Lately, software supply chains find themselves in a very interesting and uncomfortable position—the industry spotlight—and not in a good way. While significant and costly breaches such as SolarWinds or Kaseya make front-page news, supply chain attack tactics (e.g. typosquatting or dependency confusion) that target package managers such as npm, PyPI or WinGet can poison downstream applications or compromise developer credentials.
The software engineering community has been steadily increasing its use of third-party and open source solutions to help create new offerings. In fact, over the last five years, there has been a 259% increase in the use of open source.
One reason for this is the simple fact that creating new applications takes time and can strain budgets that are already tight. With open source code, software engineers gain fast access to pre-existing code that’s already demonstrated a proven ability to address the very unique challenge they are looking to solve. By removing the need to reinvent the wheel, the development timeframe is accelerated, the costs are lowered and teams are freed to focus on the creation of new and unique features that the customers demand.
At this point, turning to third-party code may seem like a no-brainer. However, it can also open the door to potential risks. This is especially true with engineers who, rather than checking software to ensure it is secure and compliant, take the providers’ assurances as gospel.
They are not alone. Other groups will try to conduct their initial due diligence at the onset if that’s possible. Soon after they then ease into a “set it and forget it” approach, where they fail to update the code over time. As a result, while the code may appear secure initially, vulnerabilities can emerge over time, and if the software is not continually updated, bad actors can leverage an unprotected window of opportunity. In fact, according to Enterprise Security Group’s “Modern Application Development Security” eBook, 48% of organizations regularly push vulnerable code. The same research also found that 60 percent of organizations have had production application vulnerabilities exploited.
Organizations conduct static application security testing (SAST) and dynamic application security testing (DAST) to assess pre-production code vulnerabilities. They will also scan with AV before releasing software, examine signing certificates, and code quality. Yet, despite these efforts, they remain challenged by gaps in security processes and the ability to sufficiently inspect large, complex and multi-layered software packages. What’s missing is the ability to conduct in-depth analysis to pinpoint behavioral differences between compiled software versions.

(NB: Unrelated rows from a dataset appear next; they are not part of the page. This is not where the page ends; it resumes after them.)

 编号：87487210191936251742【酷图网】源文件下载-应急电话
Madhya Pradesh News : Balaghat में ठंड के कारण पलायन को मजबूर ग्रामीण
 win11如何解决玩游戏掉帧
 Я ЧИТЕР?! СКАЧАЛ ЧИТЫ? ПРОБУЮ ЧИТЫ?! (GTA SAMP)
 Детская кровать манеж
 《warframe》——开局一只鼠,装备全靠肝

Malicious tampering can often involve changing how the software interacts with the system on which it is deployed. Differential behavior analysis highlighted below makes it easier to detect those unusual changes. For example, having an application suddenly add a pre-install script that downloads files via certutil is highly unusual. If the addition was planned, reasons for the change would be well documented and it would be associated with a significant new feature. For this type of change to happen in any other scenario is suspicious and deserves further investigation before the software is released. In this case, such action would have caught ua-parser-js developer’s account compromise.

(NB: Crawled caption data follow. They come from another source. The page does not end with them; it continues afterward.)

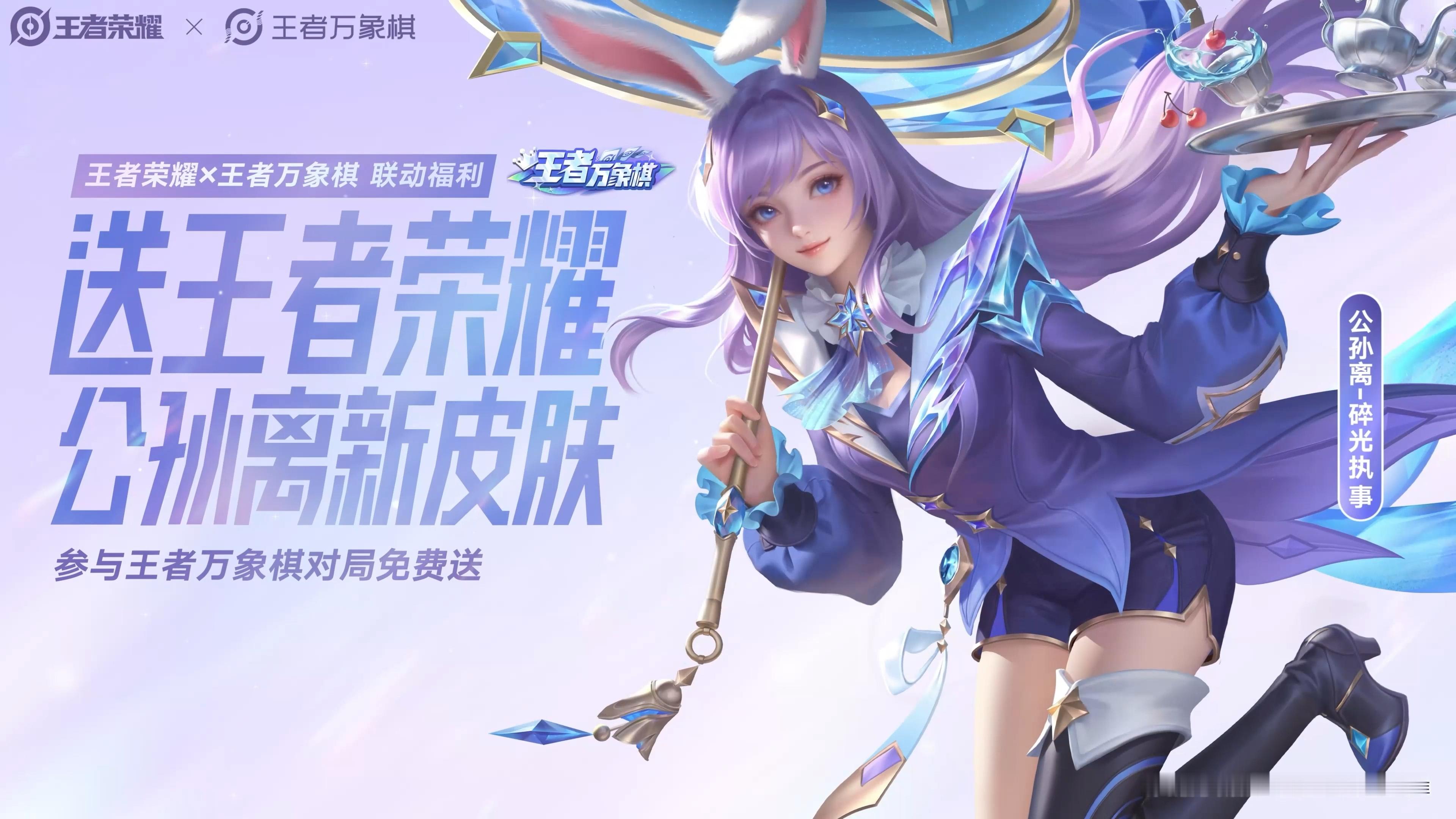 9月10日王者万象棋上线后，王者这边也会有对应的上线福利：公孙离新皮肤，灵宝装扮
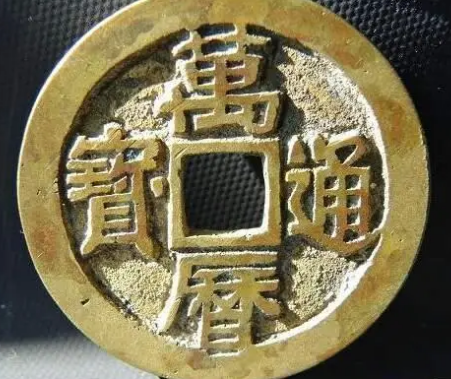 万历通宝：历史沉淀的见证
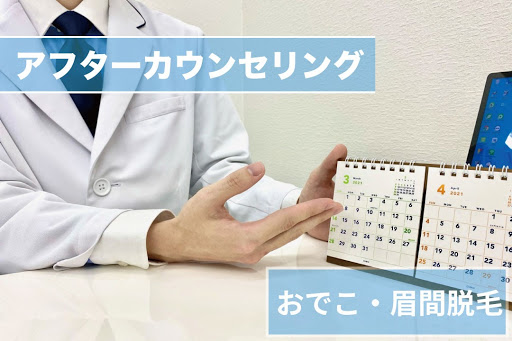 おでこ・眉間脱毛Step6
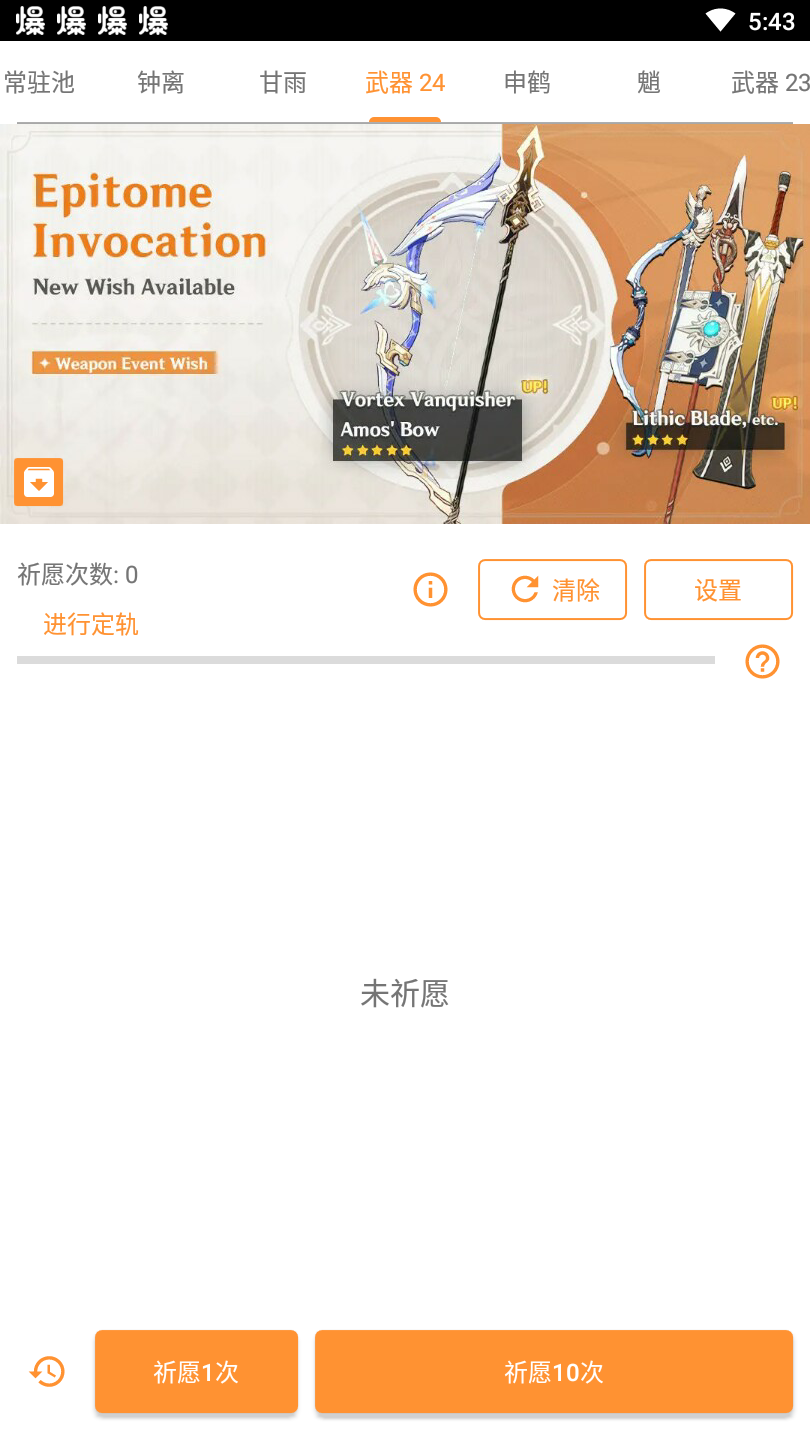 原神开箱模拟器最新版本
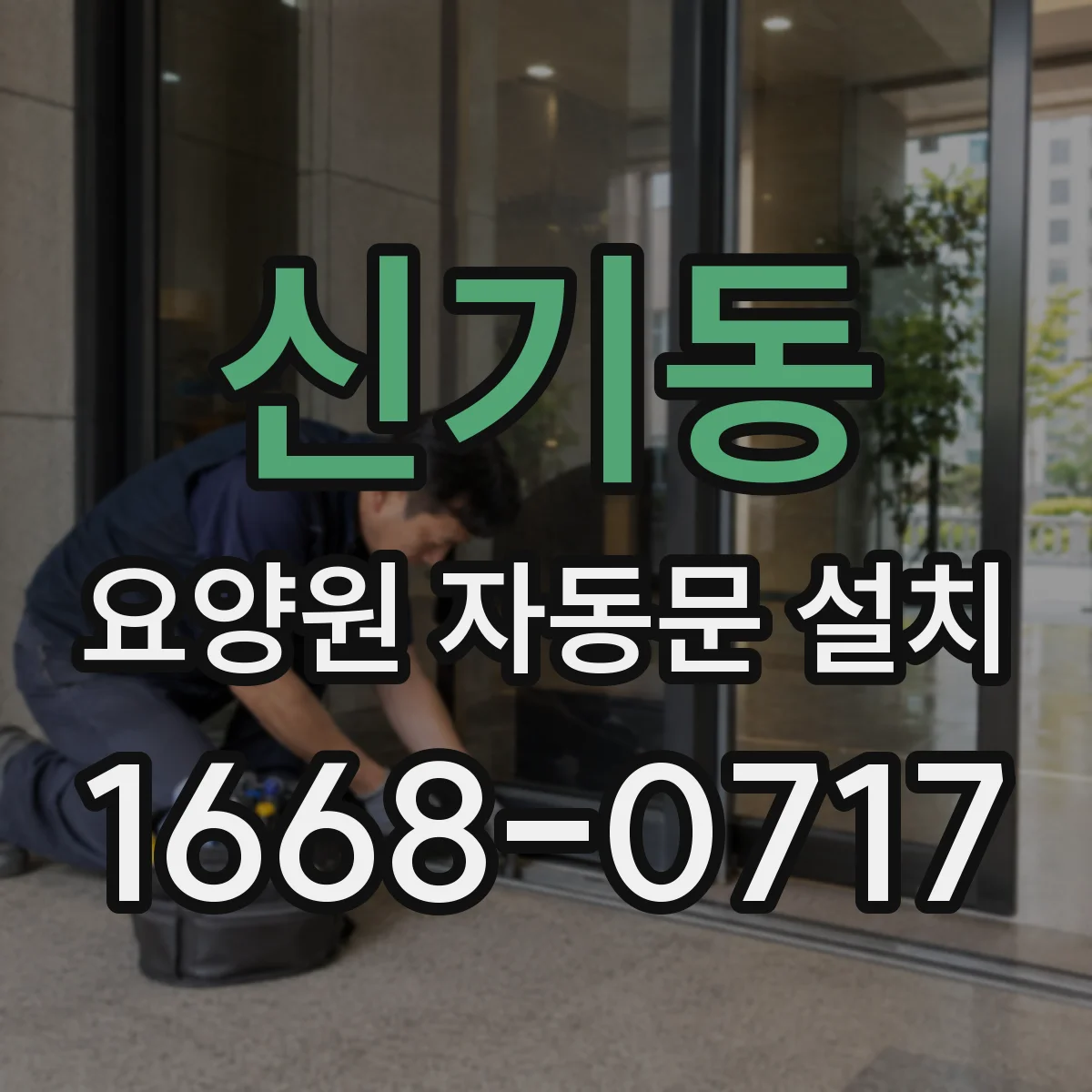 신기동 요양원 자동문 설치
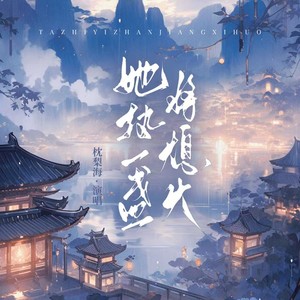 她执一盏将熄火 (伴奏)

With the software supply chain at risk and with shared code the new normal, what’s needed is software assurance.
Software assurance allows teams to inspect every application layer within an installation package for the presence of software tampering, malware and other indicators of software supply chain attacks.
Begin the software assurance process with the deep inspection step through recursive package decomposition. The resulting software bill of materials (SBOM) becomes so much more than a build manifest (a list of components that should be in the final build). It becomes the means to determine exactly which components have unacceptable build quality or those that contain unwanted software behaviors. This enables developers to verify the code they are working with and take appropriate action to protect their customers and partners from the majority of software risks. These assessments include:
- Software grading: The software package and every included component can be graded based on the types and severity of security issues found. Using a grading system makes it easy for software buyers to gauge the level of risk posed by a software package and determine whether additional deployment measures can be taken to mitigate those risks. For developers, component grading makes it easier to prioritize their remediation efforts and aids in the selection of higher-quality third-party components.
- Application hardening: Activating specific build or compiler options can mitigate vulnerabilities and protect applications against attack—but only if they are implemented correctly. Assessing whether these mitigations are correctly implemented ensures that these protection mechanisms will work as expected.
- Binary behavior analysis: This allows teams to fully understand how each software component interacts with the system on which it will run. The ability to understand third-party component behaviors, even when developers have no access to the source code, delivers a more comprehensive understanding of supply chain risks. Checking for unusual software behaviors or unexpected behavioral changes between one version and the next is often the only way to identify software tampering by a malicious actor. The ability to have this final check before distribution enables software developers to validate that the software being released is trustworthy.
For companies that are using software to create business value or producing software that is mission-critical for their customers, turning a blind eye or making software assurance assumptions can no longer be tolerated. In today’s climate where increasingly sophisticated threats loom, inspecting software and monitoring updates for signs of tampering, malicious or unwanted additions is essential and must become a part of standard software development practice.